4. Cheng, S., Li, Z., Mang, H.P, Neupane, K, Wauthelet, M., and Huba, E.M., 2013, Application of FaultTree Approach for Technical Asessment of Small-Sized Biogas Systems in Nepal, Applied Energy 113, Elsevier, pp 1372-1381.
5. Deng, K.Y., 1990, China actively promote the development of biogas technology, in Int Conf.

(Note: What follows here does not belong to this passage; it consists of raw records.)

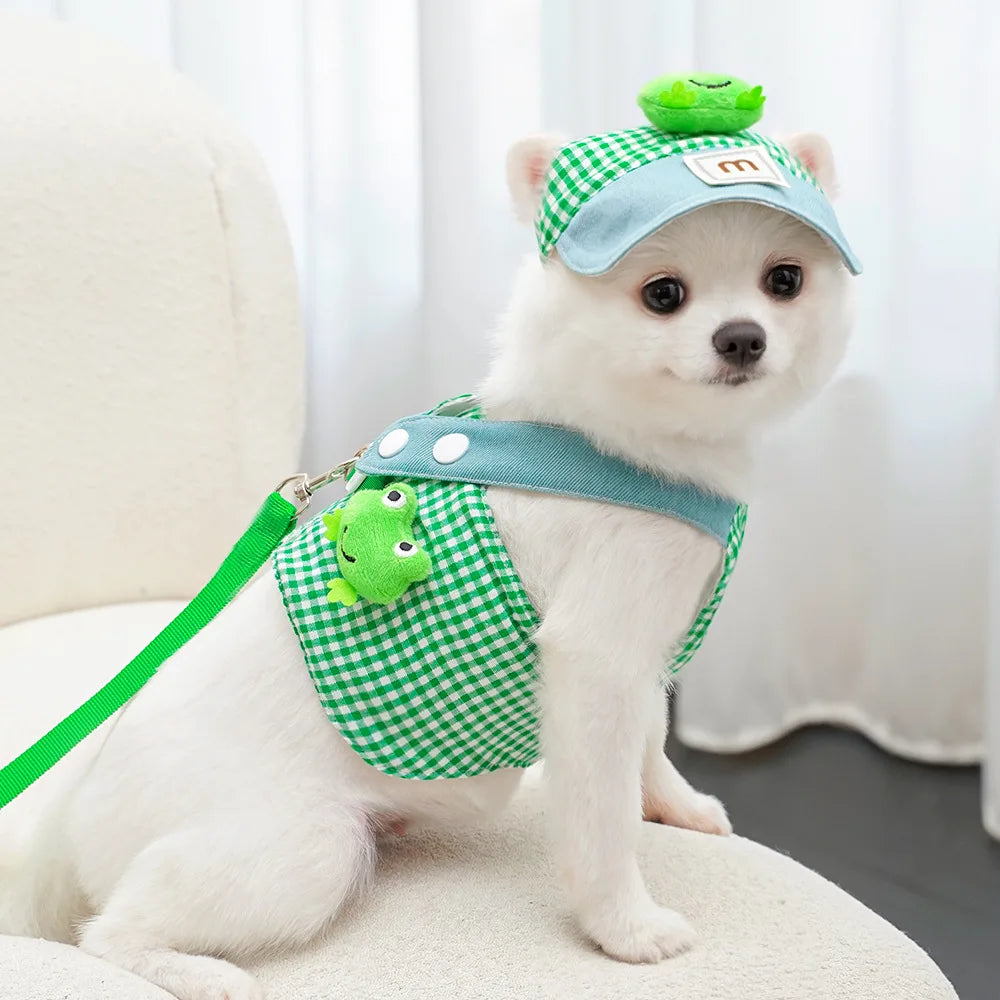 Petit chien blanc portant une tenue verte à carreaux décorée sur fond blanc

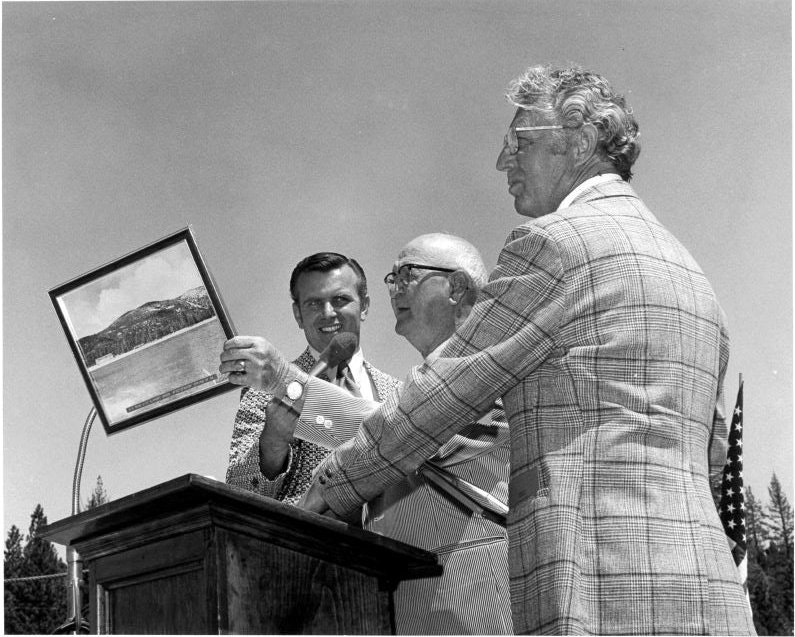 Three men in suits at a podium, one holding a framed picture, with an American flag visible in the background.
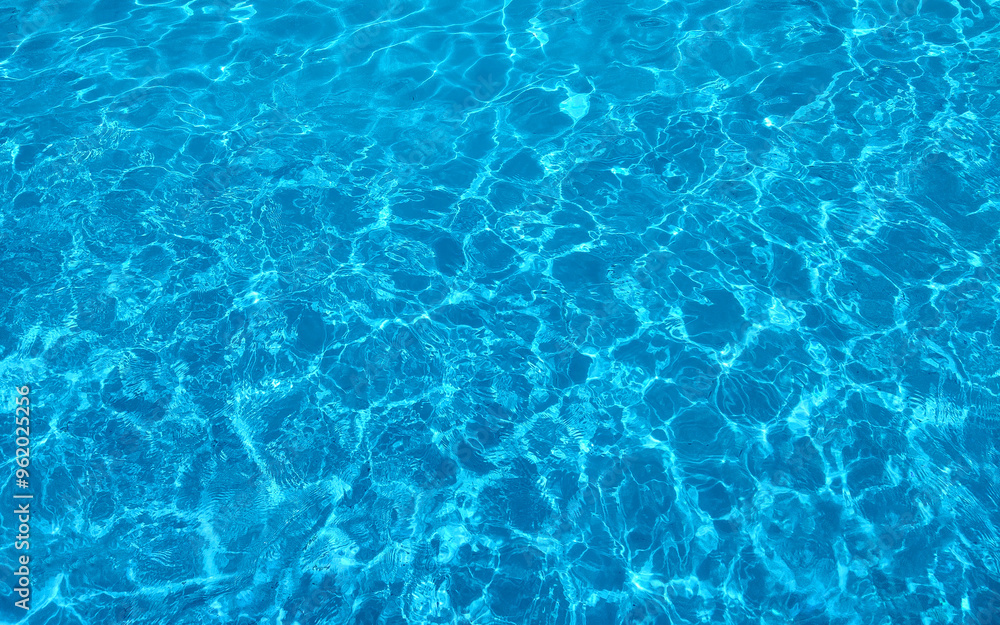 Crystal clear water texture with sun reflections, showcasing vibrant blue ripples and waves. Ideal for background designs, water-themed projects, or nature visuals. Crystal clear water texture with sun reflections, showcasing vibrant blue ripples and waves. Ideal for background designs, water-themed projects, or nature visuals.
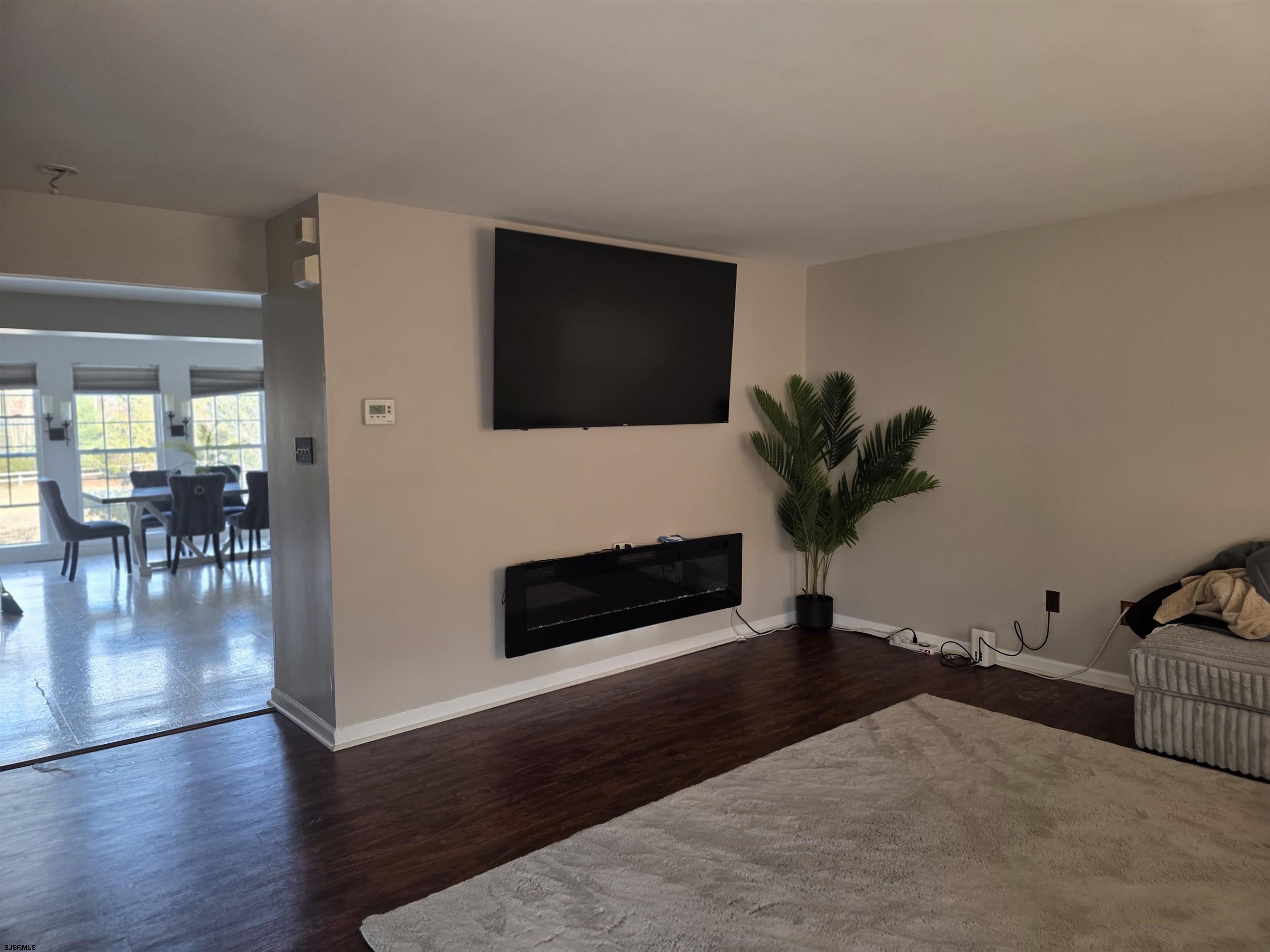1002 Carlisle Road Egg Harbor Township, NJ 08234 - Photo 14 of 18 a living room with furniture wooden floor and flat screen tv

Biogas Technology Implementation strategies, BORDA, Bremen, pp 242-253.
6. Deublein, D., and Steinhauser, A., 2008, Biogas from Waste and Renewable Resources, Willey VCH Verlag GMbH&Co.KgaA, Deggendorf, Germany.
7. ESDM, 2014, Final Report Indonesia Domestic Biogas Program.
8. Fry, L.J., 1974, Practical Building of Methane Power Plant For Rural Energy Independence, 2nd edition, Chapel River Press, HampshireGreat Britain.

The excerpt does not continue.